Atlanta Officials Caught Fibbing Crime Rates to Explain Mismanaged Federal Funds

The City of Atlanta was recently audit by the Department of Justice. The audit was conducted to trace how nearly $400,000 of the $1.1 million the city received in grants has been spent. Atlanta was awarded the DOJ grants to help the city clean up its most crime-ridden areas. The money was to help the city’s ‘Weed and Seed’ program which intended to ‘weed’ out the crime and plant ‘seeds’ of new positive growth.
In a recent press release, city officials announced a drop in crime in some of the most affected neighborhoods. Crime rates were said to be down 35% in Mechanicsville and down between 42 and 51% in Pittsburgh, Vine City, and English Avenue. A Georgia online newspaper questioned the figures; they contacted city spokesman Carlos Campos who researched the numbers. He acquiesced that the numbers were incorrect.

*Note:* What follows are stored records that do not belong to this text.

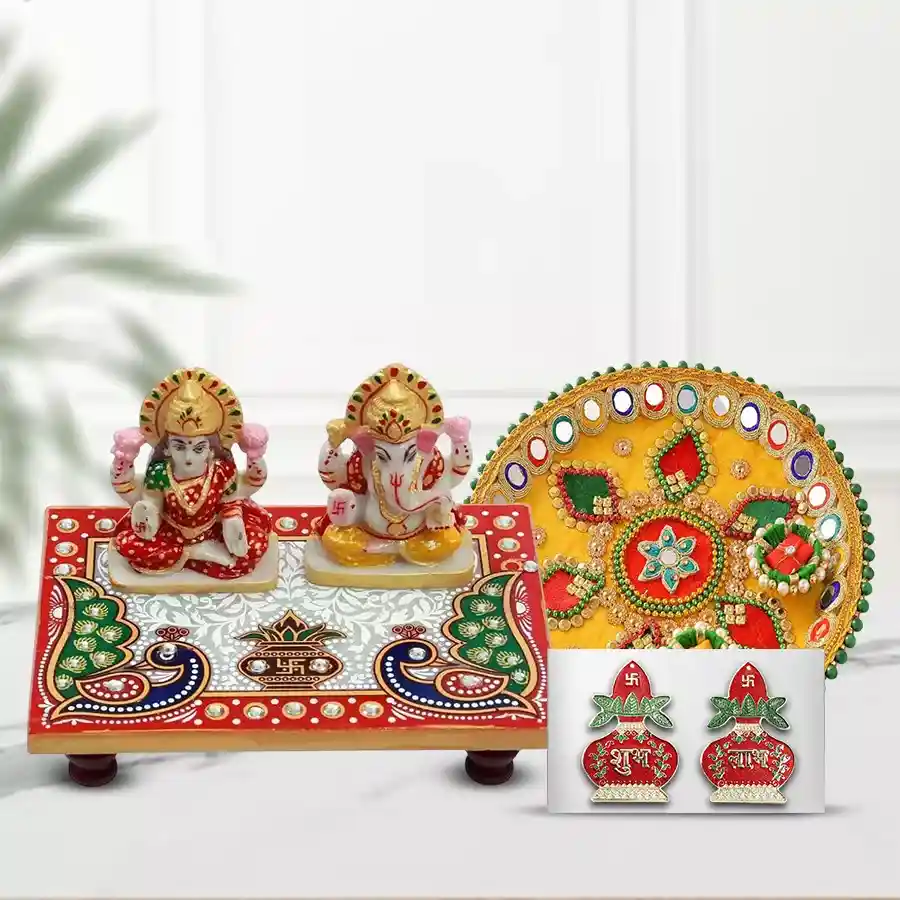 Spiritual Diwali Poojan set featuring marble idols of Laxmi and Ganesh Ji on a 6x4” Choki with a Pooja Thali and Subh Labh Wall Sticker.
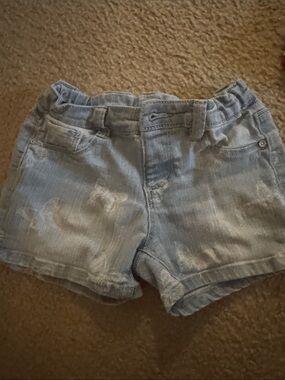 Kids Light Blue Denim Shorts - Casual Stretch Waist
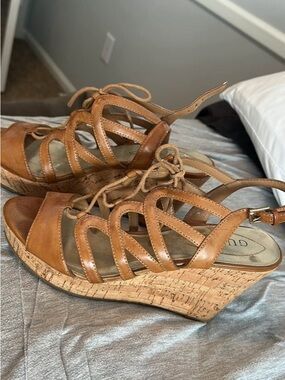 Guess Tan Leather Lace-Up Cork Wedge Sandals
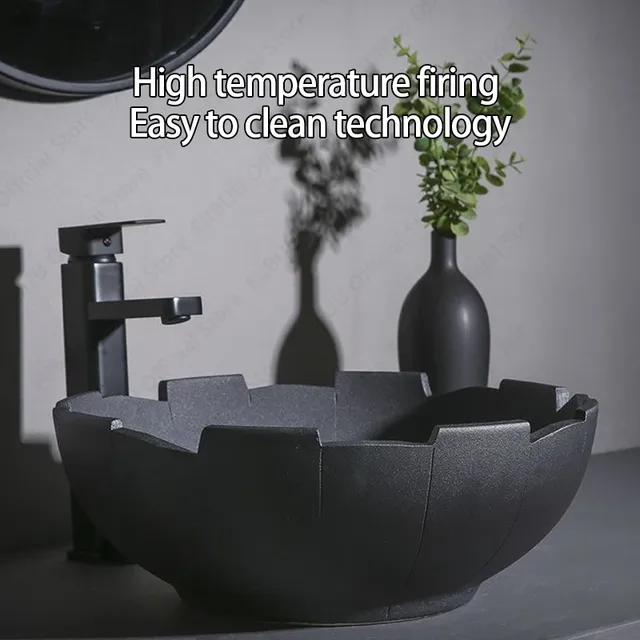 Évier de Lavabo en Céramique Noire – vue 3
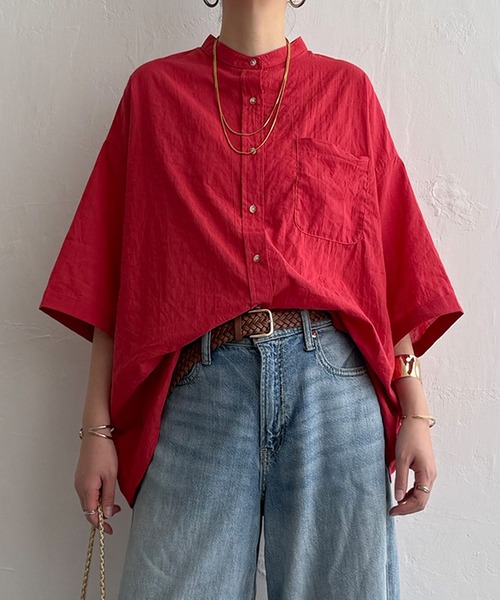 Shircheck Bandカラーオーバーシャツ
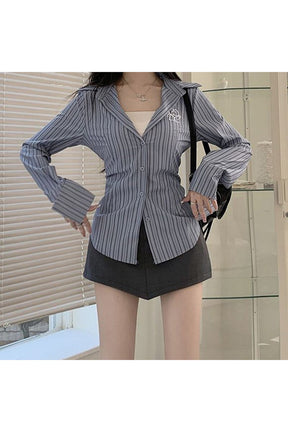 Women Striped Embroidery Shirt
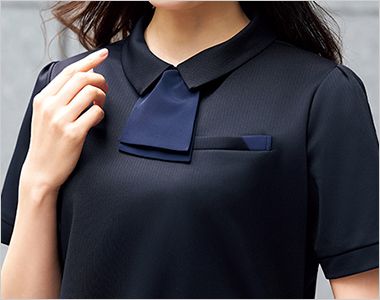 nuovo(ヌーヴォ) FB71505 [春夏用]ポロシャツ[ニット/ヘリンボーン柄] 取り外しが可能なリボン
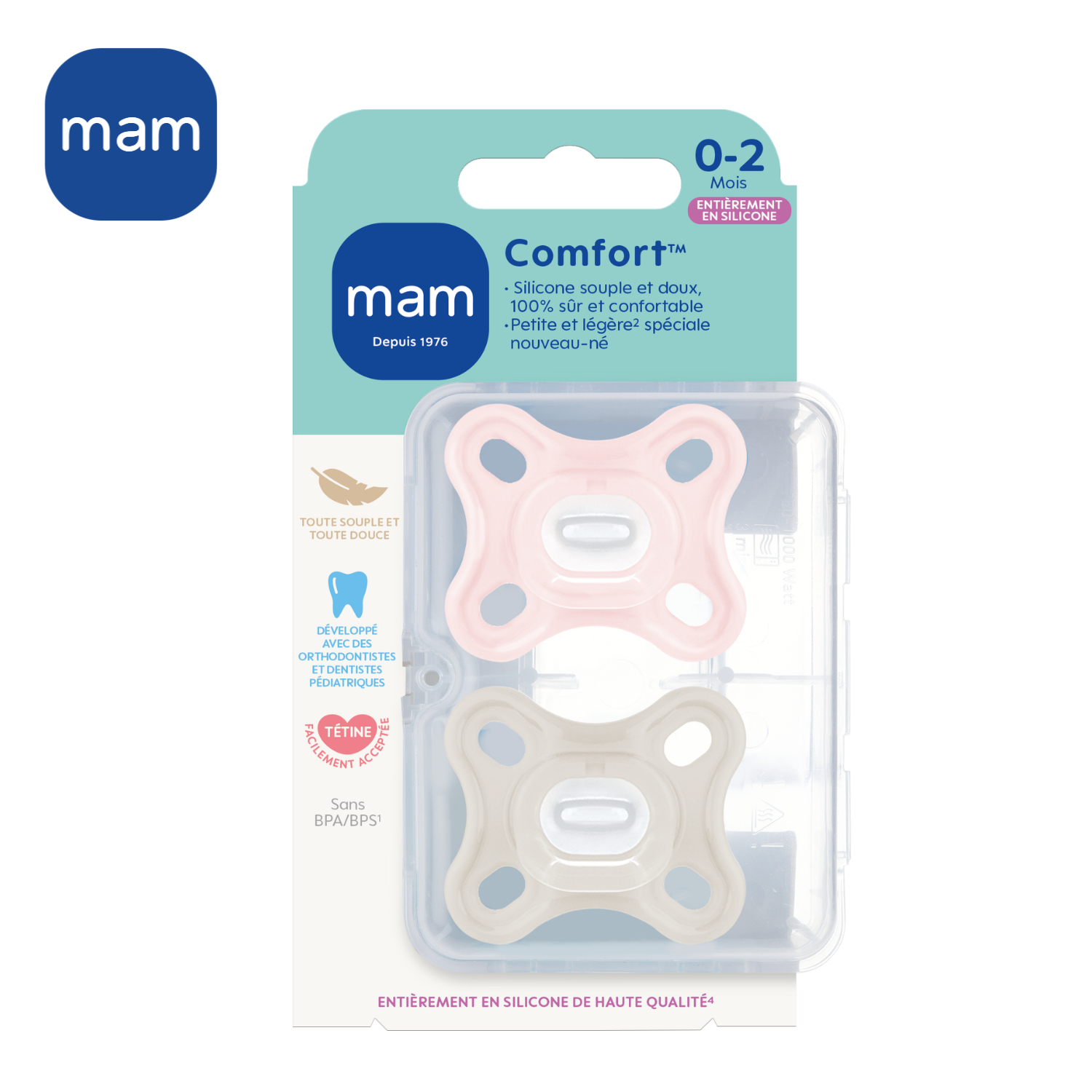 Sucettes Bébés Comfort 0+ Mois En Silicone Mam Le Lot De 2 Sucettes - vue 3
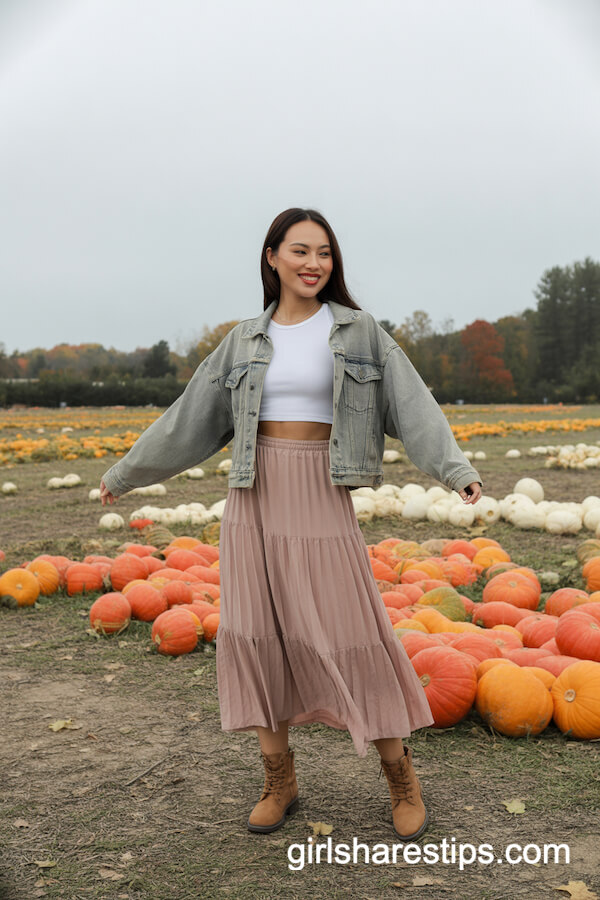 Flowy Layered Skirt with Denim Jacket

In actuality, crime rose in Mechanicsville by a whopping 35% during the time period between 2007 and 2011. In the other areas, crime rates were merely exaggerated to be about 5% down. Campos blames the discrepancy on a failure to validate the numbers through the Atlanta Police Department’s Tactical Analysis Unit.
The city corrected the statistics in a statement and also noted that even though the numbers were incorrect, crime rates were down an average of 21% in the four neighborhoods targeted by the ‘Weed and Seed’ program.